The scheme will provide millions of meals to people including families, the elderly and asylum seekers in 19 of the EU's 27 countries.

Before the EU's reform of its Common Agricultural Policy (CAP) in 2003, public intervention stocks of cereals, beef, butter, milk powder, olive oil, rice and sugar were usually plentiful and stored around Europe at taxpayers' expense.

But those large surplus stocks, for which the EU was heavily criticised by its trading partners for exporting with subsidies, are now mostly non-existent, with the exception of sugar.

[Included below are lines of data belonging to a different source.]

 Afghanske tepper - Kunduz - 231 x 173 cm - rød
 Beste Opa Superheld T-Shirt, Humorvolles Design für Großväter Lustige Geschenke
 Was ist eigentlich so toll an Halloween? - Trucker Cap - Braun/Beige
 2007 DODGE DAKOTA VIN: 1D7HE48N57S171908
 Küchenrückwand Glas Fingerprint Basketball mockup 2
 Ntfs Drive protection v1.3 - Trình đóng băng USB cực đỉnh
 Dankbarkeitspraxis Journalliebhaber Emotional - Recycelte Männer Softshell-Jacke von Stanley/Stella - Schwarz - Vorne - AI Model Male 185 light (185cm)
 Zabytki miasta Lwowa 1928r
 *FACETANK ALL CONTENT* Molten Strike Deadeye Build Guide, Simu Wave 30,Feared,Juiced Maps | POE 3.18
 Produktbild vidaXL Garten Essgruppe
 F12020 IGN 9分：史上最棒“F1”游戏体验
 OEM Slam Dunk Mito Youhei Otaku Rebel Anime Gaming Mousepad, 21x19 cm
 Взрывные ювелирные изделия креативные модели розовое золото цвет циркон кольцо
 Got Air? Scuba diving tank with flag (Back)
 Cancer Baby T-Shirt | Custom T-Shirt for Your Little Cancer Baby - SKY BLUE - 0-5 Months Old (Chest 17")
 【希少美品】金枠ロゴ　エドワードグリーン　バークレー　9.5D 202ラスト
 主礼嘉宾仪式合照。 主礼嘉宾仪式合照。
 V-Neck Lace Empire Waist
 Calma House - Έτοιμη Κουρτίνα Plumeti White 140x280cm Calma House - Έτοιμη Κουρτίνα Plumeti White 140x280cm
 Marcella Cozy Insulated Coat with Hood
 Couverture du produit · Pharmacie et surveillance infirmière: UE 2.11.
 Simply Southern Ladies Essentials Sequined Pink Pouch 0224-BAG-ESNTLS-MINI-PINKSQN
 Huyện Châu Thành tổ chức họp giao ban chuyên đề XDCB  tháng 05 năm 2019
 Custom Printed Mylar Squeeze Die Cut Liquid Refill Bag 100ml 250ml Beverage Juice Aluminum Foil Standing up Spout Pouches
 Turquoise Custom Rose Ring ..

If ministers agree, food distribution plans will be set up for three-year periods, in cooperation with charities and local social services, and with EU countries choosing the food they want, based on nutritional criteria. Priority will be given to intervention stocks where these are available.

For the three-year plan starting in 2010, EU states would get 75 percent of the costs paid by Brussels but have to pay the remaining 25 percent themselves. More economically disadvantaged areas would get 85 percent of their bill paid by EU money.

From 2013, EU countries would have to match, euro for euro, the cash they get from Brussels. Poorer regions would pay 25 percent of their costs and EU money would cover 75 percent.

Around 43 million people across the European Union are believed to be at risk of food poverty, based on their inability to afford to buy a meal with meat, chicken or fish every second day, the Commission says.